|Temporary Meds Switch
Sep 29, 2011
Dear Dr McGovern,
The patient's data: HIV+, CD4 600, VL hovering between UD and low viremia ( 50 to 100 ), mid-fifties, in good health. On meds. The current regime is : Darunavir/Norvir/Kivexa. Resistances : K65R, K103N,G190S. A previous regime, abandoned a year ago, was Reyataz/Norvir/Kivexa; it was similarly effective but switched just to get rid of minor biluremia. The new regime has, however, considerably raised lipids ( trygs & chol ).
The questions are : 1) A small stock of previous meds is left over. He does not wish to waste it by throwing it away. Would there be any negative consequence if one temporarily switches to the previous equally effective regime till the stock is exhausted to switch then back to the current one ?
2) Most of the previous meds have not expired yet, but a few bear the expiration date of 03/2010. Can the latter ones still be used ? ( btw : they have been kept in a refrigerator ).
3) He is considering switching next from Darunavir/Norvir to Etravirine to avoid current high lipids. A recent study presented at ICAAC 2011 has established such switch maintains efficacy and safety and lowers lipids. Further, a switch from Kivexa is also in order given that the patient's resistances render it only of intermediate efficay. The only fully effective option left in the NRTIs group is AZT but he wishes to avoid it on account of the anemia it causes. Given the said conditions, which other med(s) would you suggest to couple with etravirine to form a fully effective and safe regime ?

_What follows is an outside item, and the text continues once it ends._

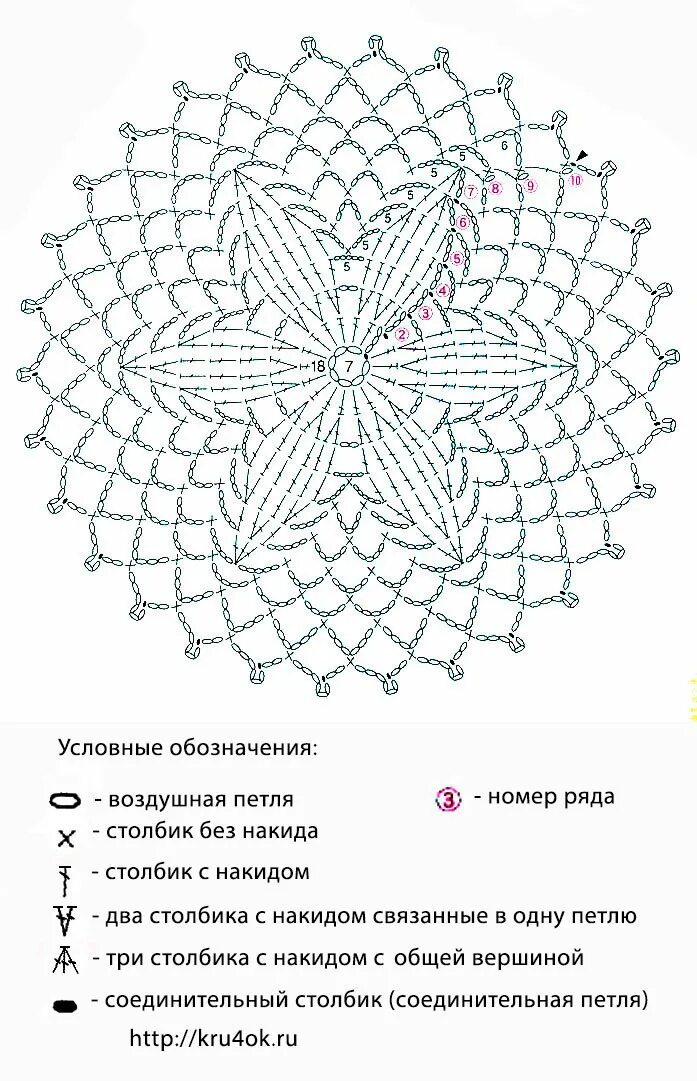 Простые салфетки крючком для начинающих пошагово. Схемы по вязанию крючком для начинающих салфетки пошагово. Салфетка вязаная крючком схема для начинающих. Схема вязания крючком салфетки для начинающих пошагово. Простые схемы вязания крючком для начинающих.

Your volunteer professional advisory assistance is greatly appreciated and you can be sure it has an enormous positive impact worldwide.
| Response from Dr. McGowan
Thanks for your questions:
1) No negative downside since the switch was not made for virologic failure, you may substitute one potent regimen for another.
2) Most drugs have adequate potency and safety even up to a few years after the posted expiration date (see: http://www.health.harvard.edu/fhg/updates/update1103a.shtml). If they have been properly stored they should be safe to use, especially if cost is an issue. Keep a close eye on the viral load, especially if their will be an extended use of these.
3) Most studies show that changes in ART to help normalize the lipids are not very effective. How bad are the values? Would prefer a lipid lowering therapy if that is an option. G190S is a mutation taht can have some effect on etravirne susceptibility (carries a weighted score of 1.5, with decreased responses seen with 2.5 weight or higher). I agree that the kivexa may be contributing little and may be adding to the lipid abormality. Truvada may be the better option (keeping norvir and prezista at first), since tenofovir will be more lipid friendly than abacavir and tenofovir will maintain phenotypic susceptibility despite K65R alone. Also, the norvir/darunavir can be dosed once daily (100mg/800mg, if not done already) since their are no PI mutations. That will lower the ritonavir exposure and may help the lipids. If you really want to avoid the PIs altogether and Zidovudine, then you will need 3 new active drugs: etravirine, raltegravir and ....maraviroc (if tropism testing shows R5 tropic), or perhaps (but probably not) fuzeon. No other real options...can't use unboosted reyataz with etravirine due to the drug-drug interaction. I would try to work with the PI combo and add a statin.